L’intérêt de la présence de Wajdi Mouawad à l’écran vendredi et dans le journal de la fin de semaine ne résidait absolument pas dans le fait de savoir si, oui ou non, la trilogie de Sophocle sera présentée sans Cantat. Elle résidait uniquement dans la réponse humble d’un homme qui a soulevé une polémique, simplement par la profondeur de son travail et la force de sa pensée.
C’est ici que je souhaite ajouter une réflexion – suscitée par ce débat –car je ne peux m’empêcher de faire un lien entre l’art et le sacré, d’autant plus que, d’un point de vue chrétien, nous nous situons présentement au début de la semaine Sainte.
La définition que Mouawad nous a donnée de l’art, dans un premier temps lors de l’entrevue avec Anne-Marie Dussault, et dans un deuxième temps, reproduite presqu’intégralement dans la lettre à Aimée, à savoir, que l’art est le miroir des souffrances et des douleurs, m’a fortement interpelée.
J’étudie actuellement un texte religieux poétique allemand du XVIIIe siècle dont l’esprit central résume l’enseignement chrétien de la Passion de Jésus : c’est son affliction et les souffrances qu’il a endurées sur la croix qui nous libèrent.
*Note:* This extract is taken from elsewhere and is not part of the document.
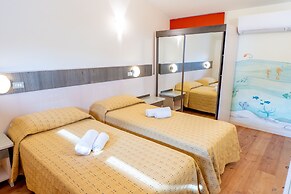 Residence Arca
On y parle aussi du miroir des souffrances de Jésus (qui peut être considéré de nos jours comme symbole) face à l’épreuve de la mort. Je parle en ce moment non pas comme croyante, mais comme artiste. Je ne peux que constater qu’un texte aussi fort spirituellement que celui que j’analyse – dans le but d’en interpréter la mise en musique qu’en fit Christoph Graupner en 1743 – imprime éminemment au discours musical une force qui dépasse le seul christianisme – mais qui rejoignent l’universel – et que souvent, ces textes produisent des chefs-d’œuvre dans la tradition musicale chrétienne (les Passions de Bach par exemple).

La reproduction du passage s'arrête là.